We examined whether the 57 exome datasets had adequate sequencing data to identify potential pathogenic changes that could occur at these 18,336 locations. What we found was that a high number of variant locations were not covered in these datasets.

Furthermore, the variant locations with poor data differed between each exome method. Although the clinical exome method had the best performance, it still had 7 genes of the 56 genes where greater than 50% of the pathogenic variant locations were inadequately covered.

Bob Barrett:
Did anything in these findings surprise you?

Jason Park:
Well, we knew going into the study that there would be genes that have poor or incomplete coverage; however, we did not know that this would be a common occurrence for most genes. Indeed in our study only three of the 56 genes had all pathogenic variant locations with complete coverage. The remaining 53 genes were incomplete in terms of sequencing data in almost all methods.

Bob Barrett:
Do you think the results of your study were representative of exome tests from other clinical laboratories?

Jason Park:
I believe that our findings on incomplete coverage of genes are inherent to current exome methods, and apply to all laboratories performing exome testing, both in research as well as clinical settings.

Bob Barrett:
So is there a way to improve the incomplete coverage issue in exome tests?

Jason Park:
In the past year, there have been several reports of improving exome methods for this coverage issue.
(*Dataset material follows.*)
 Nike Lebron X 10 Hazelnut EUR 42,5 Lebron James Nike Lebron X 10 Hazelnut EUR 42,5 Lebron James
These improvements include increasing capture probe concentrations at regions that are inadequately covered. Improved exome methods have been reported to result in greater than 99% coverage of clinically relevant genes. This is a vast improvement over the previously reported exome nucleotide coverages of 90-95%.
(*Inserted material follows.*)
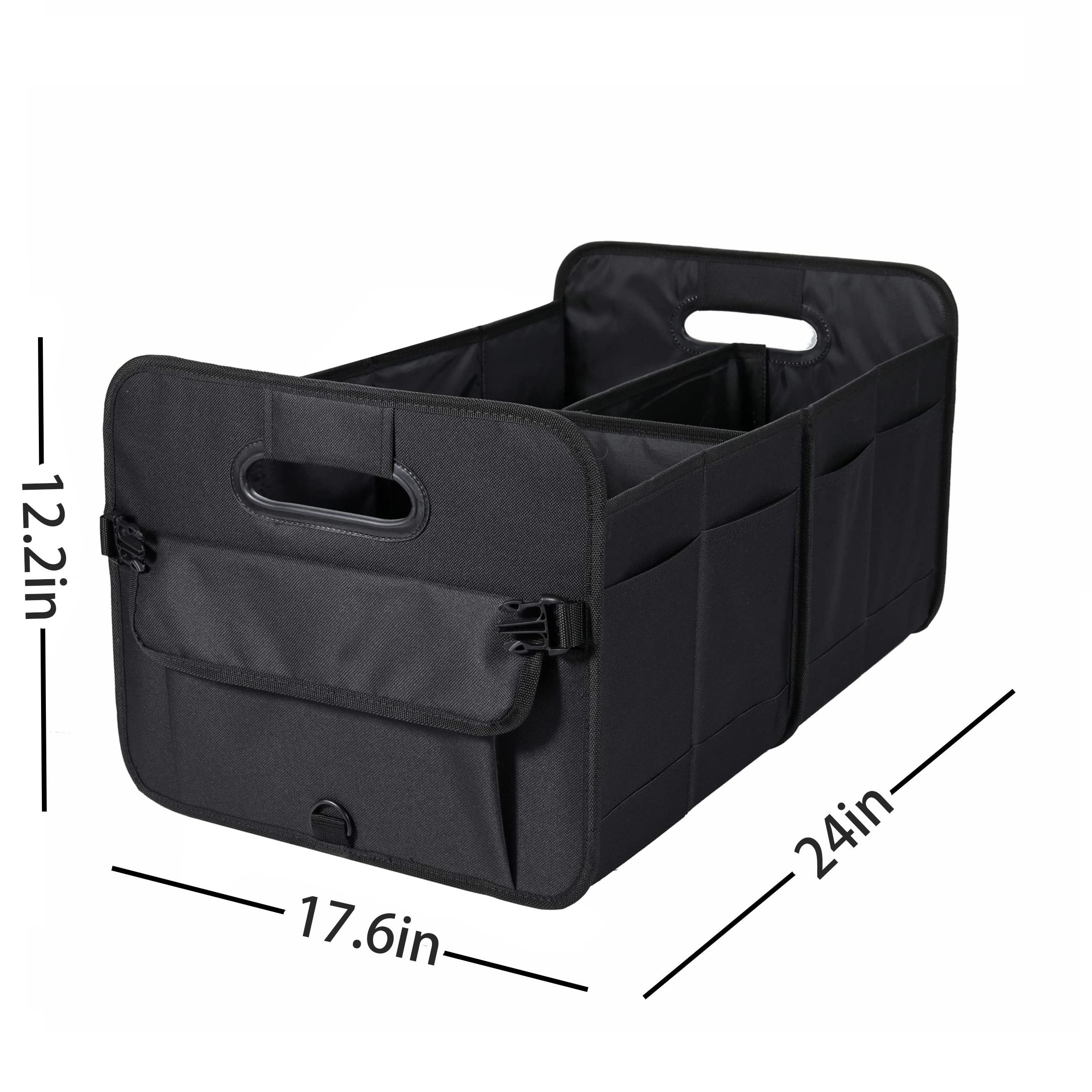 Heavy duty waterproof Car Trunk Organizer Storage Box Boot Car organizer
However, even at 99% nucleotide coverage, 10-15% of genes can still be inadequately covered. Clinical laboratories need to recognize coverage as a significant problem and continue to improve this issue with clinical tests. There is a lot of room for innovation.

Bob Barrett:
Are there any other quality issues that were not addressed in your study?

Jason Park:
Bob, this is a very good question! Our study only examined the most basic issue of having enough data for completely covering each gene of interest. There are other critical quality issues that still need to be addressed; these issues include informatics problems such as the accuracy of the data at each base position, and the correctness of clinical interpretation of the sequencing data.

Bob Barrett:
Well, finally, let's look ahead, what do you think will be the clinical role of exome testing over the next, say 2-3 years?

Jason Park:
Clinical exome test currently have a role in rare genetic disease testing. In order for exome testing to become a more mainstream genetic diagnostic tool, the quality of these tests need to be improved to match if not exceed the quality of traditional DNA sequencing tests. If the quality and analytical performance of exome tests can be improved then I think they may replace most conventional DNA sequencing tests.

Bob Barrett:
Dr. Jason Park is Director of the Advanced Diagnostics Laboratory at the Children's Medical Center in Dallas, an Assistant Professor with the University of Texas Southwestern Medical Center in the Department of Pathology and the Eugene McDermott Center for Human Growth and Development. He has been our guest in this podcast from Clinical Chemistry looking at exome analysis in the clinical laboratory. His paper appeared in the January 2015 issue of Clinical Chemistry, a special issue devoted to molecular diagnostics. I am Bob Barrett. Thanks for listening!